Head's Up! These forums are read-only. All users and content have migrated. Please join us at community.neo4j.com.
05-11-2021 05:00 PM
In this episode of the GraphStuff.FM podcast, Lju Lazarevic and Will Lyon break down how the different pieces of the Neo4j Graph Data Platform fit together.
They discuss the individual components of the graph platform, how developers and data scientists can get started, and why the value delivered by the platform is greater than just the sum of the individual components.
In this episode, we are discussing the Neo4j graph data platform. To provide some context, we’re going to be covering:
Neo4j is fundamentally a graph database. Let’s start off by talking about why Neo4j was created, and how it’s evolved from those early days.
Neo4j was first created as an embedded Java database; this is where that “4j” in the name comes from. It has since evolved beyond that, so the “4j” Java aspect is no longer really relevant today, but is a nod to its history.
Neo4j was created to address some problems that the founders were having in building a Content Management System (CMS), specifically for some of the rights and metadata around the usage of photos. They found it very difficult to represent in a relational database because of all of the different connections and relationships, and the richness of the data. So that’s why Neo4j was first created.

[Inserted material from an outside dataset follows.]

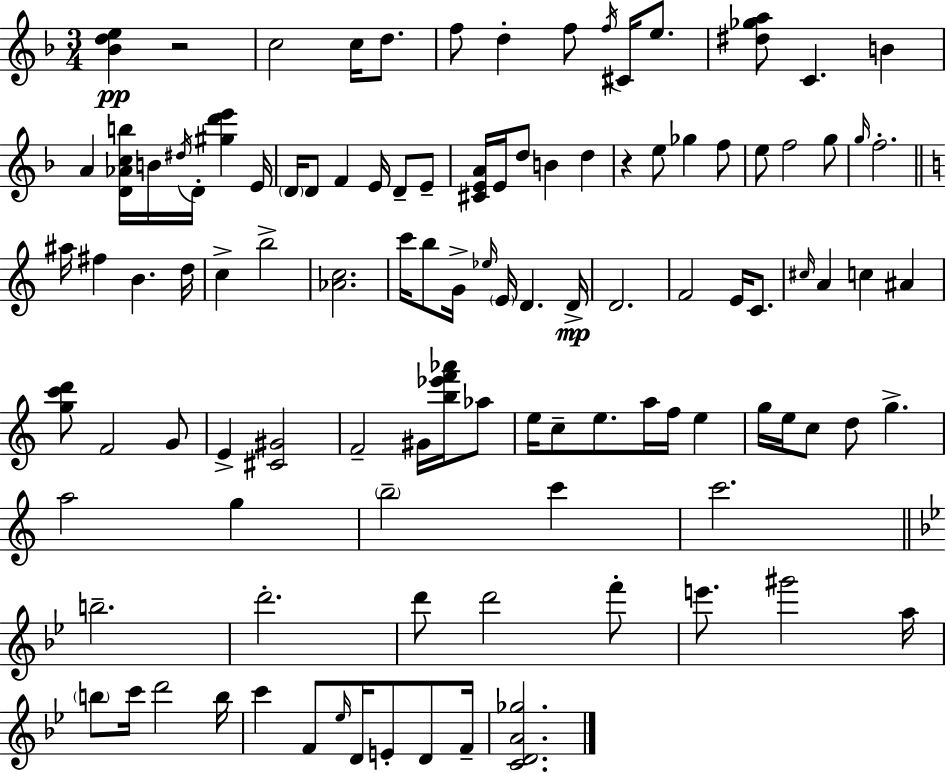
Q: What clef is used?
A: treble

The founders quickly realized that there were lots of other interesting use cases beyond just this embedded database in the CMS application. So Neo4j quickly evolved into a more generalized system. There was rapid uptake of Neo4j, where it was being used for generating personalized recommendations, as well as handling logistics and routing. It was also popular for dealing with the complex access patterns, inherent in things like identity and access management and fraud detection, where you’re interested in the connections between actors and a payment network.
Another example is Customer 360, where an enterprise wants to understand the different components and interactions that they’ve had with a customer throughout their journey with the organization. Also use cases like monitoring network operations — if you’re responsible for a data center, being able to understand all the connections from the hardware — what rack is a server deployed on, to the different interfaces, right down to the software applications deployed, and all associated dependencies.
These are some of the first core use cases where Neo4j really started to shine. Being able to understand the connections in your data, and why those connections are important to you, highlighted this idea of a “graph-shaped problem’’ (previous webinar video: Are you looking at a graph shaped problem?).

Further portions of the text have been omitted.